The idea was interesting, but I felt that the implementation was really bad. It could just be cultural thing for me. The source material was basically inspired by Oriental martial arts, fighting styles, movies, and anime. I found the whole implementation to be really cheesy and mostly nonsensical.

In summary, the sourcebook is about providing melee replacements - so goodbye fighter, ranger, and paladin. If you use this sourcebook, there's zero reasons to play with the original core warrior classes, as the three new classes (crusader, swordsage, and warblade) are way more powerful - unless of course, you happen to want to play a blackguard or you like tracking or archery. The three new classes play like front-line wizards - you can generally cast one “spell” (manoeuvre) once per encounter. In fact, as they scale up in power, you probably don't need rogues or wizards much, since some manoeuvres can do sneak attacks and AoE attacks.

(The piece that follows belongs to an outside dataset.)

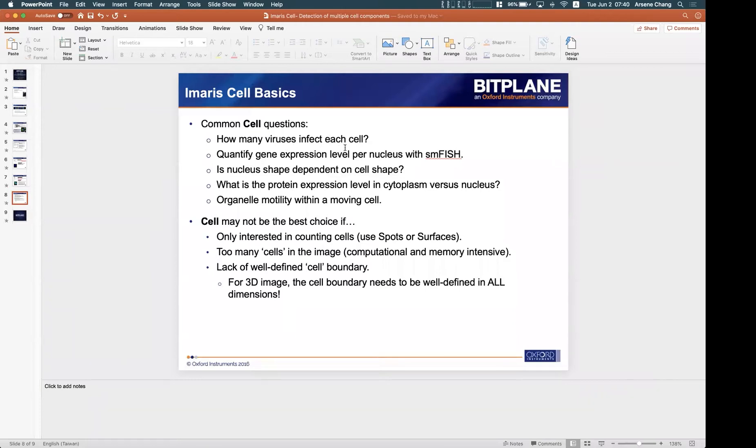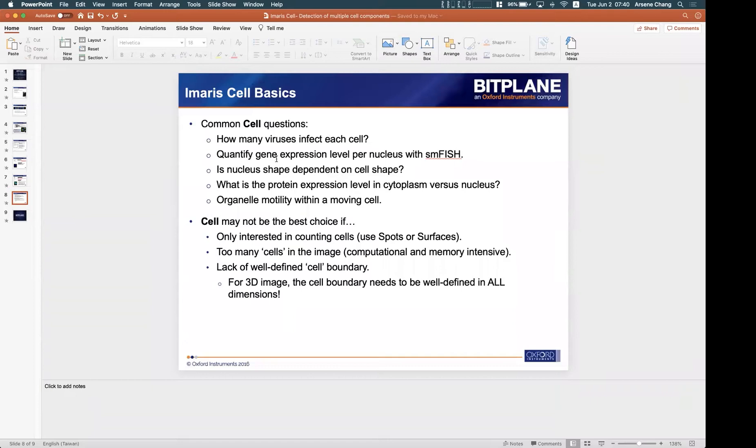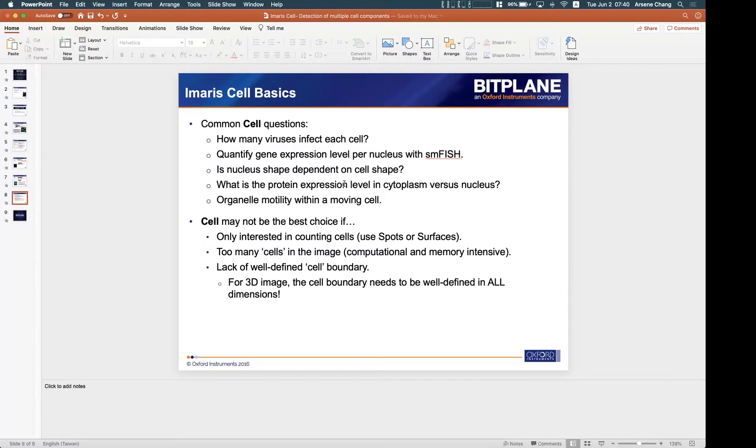Another example: quantify gene expression level per nucleus. We can also detect how many vesicles are there inside each nucleus, and also we have the morphological statistics about the nucleus and the cells.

The sourcebook requires significant investment as it adds a lot of new rules. The majority of the content aside are all geared towards giving the new classes more options. I dislike the new classes primarily because the more they're described felt more like prestige classes to me - all crusaders fight for a religion, all swordsages are scholarly fighters seeking for a “truth”, and all warblades are glory-seekers. There are nine martial disciplines (hence, nine swords), but they are very oddly restricted to certain classes - why? This is one of the nonsensical things. If we're talking about oriental inspiration, this sourcebook serves up a lot of categorisations and restrictions just for the sake of it. Sure, the DM could change it, but I'm reviewing based on what's offered.

Backstory-wise, the Temple of the Nine Swords is fine, I just found the whole internal conflict to be very contrived. The so-called legendary founder? Such a character can't be built using the mechanics presented in this book, due to the limits on the number of manoeuvres you can learn. Throw in how he managed to accumulate nine swords of such varied backgrounds and they just destroyed any plot cohesiveness. And the prestige classes? They're ok within the context of this book, except for the so-called “Master of Nine” - that class is more like taking specialist levels in several schools of magic than being a “master” of several disciplines. The flavouring is just so wrong.

But that's enough ranting. I mainly dislike the sourcebook because I found the flavour and imagery to be really bad. Then I dislike the power level of the new mechanics, they're not just slightly powerful - they're very powerful. I'm probably not the target demographic for this book, seeing how cheesy and over-the-top some of the content are. Perhaps this sourcebook was not meant to be serious, and more a fun thing; but it's not for me.